In the middle of the Caribbean lies a tiny 850 acre island resort called Guana which is part of the British Virgin Islands. It is a magical place. That is where I met My Beloved Brit a little over 15 years ago.
The view from the top of Guana Island
I was working in Washington DC, and after two of the worst snow storms in ages, I decided I had had enough. There were piles of snow everywhere. The roads were impassable. And the quote from our mayor in the local newspaper was “The Lord givith, and the Lord taketh away”. So much for expecting the snowplows to rescue us. It was time to leave town for awhile. I found a book called the 100 Best Resorts of the Caribbean and started hunting for an escape.
About half way through the book, I found an intriguing review of a small private resort located on a tiny island right off Tortolla in the British Virgin Islands. Guana. The resort description sounded very British (always a plus) and very tropical (an absolute must at the moment) and I was ready for an experience that seemed like summer camp for adults with gourmet food.
At that time, there was a maximum of about 30 guests on the island at any one time, a scattering of tiny cottages overlooking the blue seas, shrimp colored flamingos in the pond and lots of staff. Little did I know the staff was the key.
I packed my bags and was picked up at the Tortolla airport by one of the island’s welcoming boatmen, who placed my luggage on a small boat at a nearby dock and took off across the water.
I was traveling alone. I often did. I never found going on holiday by myself at all intimidating. I loved the freedom of it. And this was special.
At the dock I was greeted by the manager, was given an hibiscus flower to place in my hair, and my bags were wisked away to the room while I registered. (Of course my first reaction was not to let them out of my site for a minute–my New York background coming through–but one sip of punch and they could have taken them anywhere)
The door to my cottage
I was in heaven. The resort, which has a fascinating history of Quaker settlers and American ex-pats, consisted of the main stone house where cocktails and dinner were served, and the most spectacular beaches ever. And scattered over the high hillside were the most beautiful little whitewashed cottages glistening in the sun. One of them was mine.
I quickly unpacked and ran down the “mountain” path to the beach. It was time for some serious relaxation.
I had the entire beach to myself, so I picked a lounge chair, placed my sunhat on my head and took out a book. After a few minutes I went over to the small hut under the palm trees where there were cold drinks for the guest’s convenience, and sat in the shade to cool off.
Within minutes this handsome man rode up in a golf cart along the sandy road. He had the Guana staff shirt on, but I had not seen him before. I would have remembered. I had my favorite coral colored bikini on which I am sure had nothing to do with him being so friendly. It was part of the welcome package. He got a cold drink and started “chatting me up”, a curious British term that means throwing a few lines at a girl. The accent, as I may have mentioned somewhere before, hooked me immediately, but it was the sense of fun and the stories that really held my interest.

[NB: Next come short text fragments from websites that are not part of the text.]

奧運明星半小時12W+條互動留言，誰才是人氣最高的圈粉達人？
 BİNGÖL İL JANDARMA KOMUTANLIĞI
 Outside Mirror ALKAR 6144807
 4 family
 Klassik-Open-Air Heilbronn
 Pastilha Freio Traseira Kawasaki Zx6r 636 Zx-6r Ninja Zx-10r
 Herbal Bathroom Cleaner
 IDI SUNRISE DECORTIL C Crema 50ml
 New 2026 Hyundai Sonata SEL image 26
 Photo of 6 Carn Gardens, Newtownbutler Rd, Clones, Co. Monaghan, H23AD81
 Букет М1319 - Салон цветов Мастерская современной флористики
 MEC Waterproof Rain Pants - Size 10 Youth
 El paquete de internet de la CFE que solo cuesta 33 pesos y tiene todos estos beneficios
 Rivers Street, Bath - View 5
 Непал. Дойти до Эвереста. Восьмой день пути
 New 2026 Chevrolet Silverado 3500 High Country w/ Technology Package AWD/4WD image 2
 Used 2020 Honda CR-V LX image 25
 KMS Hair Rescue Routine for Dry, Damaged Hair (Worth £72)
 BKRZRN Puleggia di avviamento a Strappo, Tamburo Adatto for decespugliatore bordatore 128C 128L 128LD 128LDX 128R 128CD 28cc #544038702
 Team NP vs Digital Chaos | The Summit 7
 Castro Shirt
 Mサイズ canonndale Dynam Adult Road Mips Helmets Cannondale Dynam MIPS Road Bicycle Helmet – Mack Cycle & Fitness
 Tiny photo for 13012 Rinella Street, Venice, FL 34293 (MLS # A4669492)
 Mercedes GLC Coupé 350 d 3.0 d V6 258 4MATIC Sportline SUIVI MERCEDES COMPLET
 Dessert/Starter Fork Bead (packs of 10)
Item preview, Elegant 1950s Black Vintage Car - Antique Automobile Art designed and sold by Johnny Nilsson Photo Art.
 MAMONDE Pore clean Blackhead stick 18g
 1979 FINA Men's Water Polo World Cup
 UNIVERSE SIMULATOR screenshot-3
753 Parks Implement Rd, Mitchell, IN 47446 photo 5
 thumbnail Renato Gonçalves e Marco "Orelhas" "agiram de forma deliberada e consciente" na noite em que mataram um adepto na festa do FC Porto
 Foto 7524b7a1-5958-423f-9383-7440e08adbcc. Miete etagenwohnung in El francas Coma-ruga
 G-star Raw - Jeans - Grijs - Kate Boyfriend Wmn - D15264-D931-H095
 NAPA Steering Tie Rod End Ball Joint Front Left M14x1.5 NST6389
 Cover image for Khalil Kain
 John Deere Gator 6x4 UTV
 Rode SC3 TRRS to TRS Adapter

After exchanging the basic information he was off . He was the chief engineer of the island, which not only meant making the drinking water from sea water, and chasing the donkeys off the tennis courts, but also being very welcoming to guests. After working for a bank in London for most of his adult life, this is where he ended up, to my great luck. And of course the fact that he was stuck on a tiny island in the middle of nowhere didn’t dissuade him from thinking that I was a goddess.
Later that evening, i saw him again at the cocktail reception in the main house before dinner, and realized that this was a man who I could talk to for a very long time, accent or not. He must have felt the same about me.
Guana Island at sunset
I suspected after four fabulous days on the British side of paradise, that I would never see him again once I left. But within a few days of my returning home to the frigid regions up north, I got a phone call from a tiny island in the middle of nowhere. The rest as they say, is history.
We would come back to the Caribbean to live and spend lots more time in the BVI, and we would be back on Guana, but it could never possibly be as magical as that first winter visit.